# EVO triangle, horse shoe pass april 23rd



## andy-mcq (Sep 26, 2008)

got a few interested already as in this thread

http://www.detailingworld.co.uk/forum/showthread.php?t=209546&page=2

so who else would be up for a meet up and drive at the EVO triangle then up to the horse shoe pass for a bite to eat and more pictures:thumb:

looking at the 23rd of april the saterday.

other places to meet up can be arranged if need be , but i can meet people at demon tweeks in wrexham.

times etc can be arranged as we go along.

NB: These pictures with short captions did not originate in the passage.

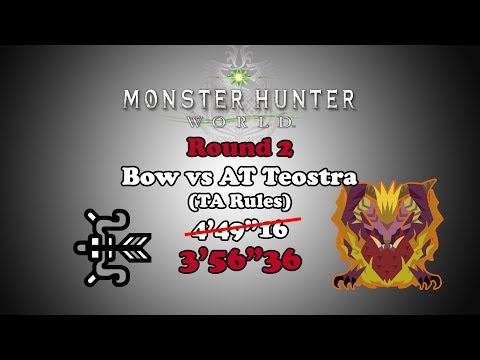 [MHW] Bow vs Arch Tempered Teostra - TA rules - 3'56"36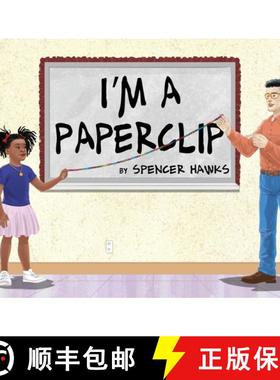 【3-4周达】I'm a Paperclip [9798869286062]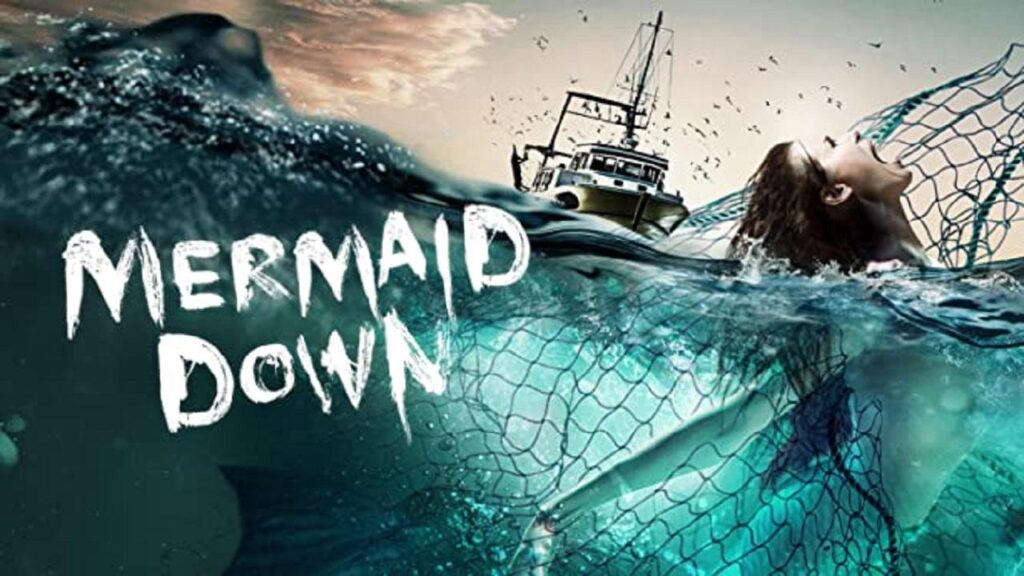 مشاهدة فيلم Mermaid Down 2019 مترجم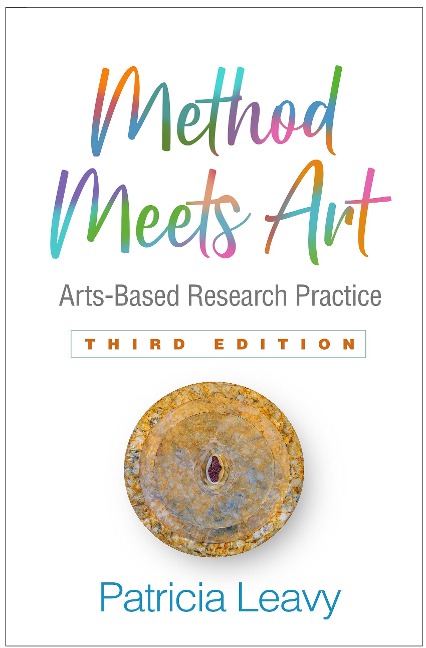 Method Meets Art, Third Edition: Arts-Based Research Practice
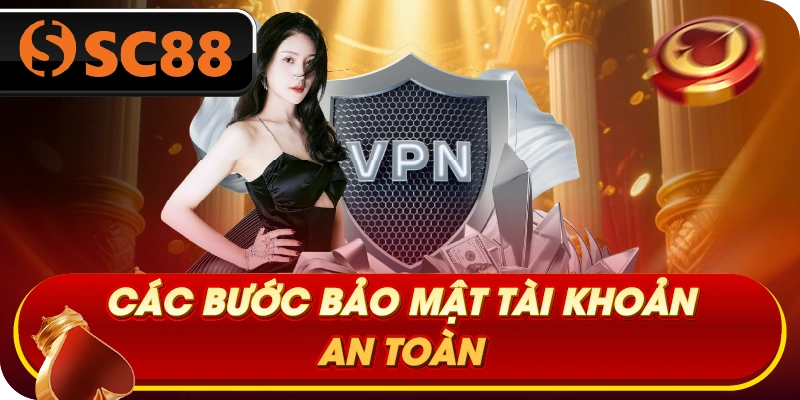 Các bước bảo mật tài khoản an toàn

il also be posting this on bmwownersclub.com , feel free to post it on other forums to:driver:
driving style will be entirly up to yourself although i will highly suggest nothing to over the limit as her majestys finest line the route :thumb:


----------



## andy665 (Nov 1, 2005)

Count me in


----------



## andy-mcq (Sep 26, 2008)

good stuff andy, taking the BMW


----------



## TheGav (Feb 11, 2011)

Im in...but you knew that....


----------



## TheGav (Feb 11, 2011)

Any more interested?


----------



## maestegman (Mar 3, 2011)

Would love to make this but holidaying in another part of the UK.

Did this two years ago in a 350z. Amazing.


----------



## bjarvis2785 (Oct 4, 2008)

Free bump 

'tis a good drive fella's, and if you're meeting at Demon Tweeks first then a good excuse to have a look around their showroom - should be some tidy cars there too this time of year.

I won't be able make the triangle but what time are you thinking you'll be at horseshoe pass?
I take my daughter up there most weekends as she loves the bikes! (she's only 2! lol)

I also pick up an MGF tomorrow for the missus so might take it out for a drive.


----------



## TheGav (Feb 11, 2011)

Cool guys, hope the sun stays out lol


----------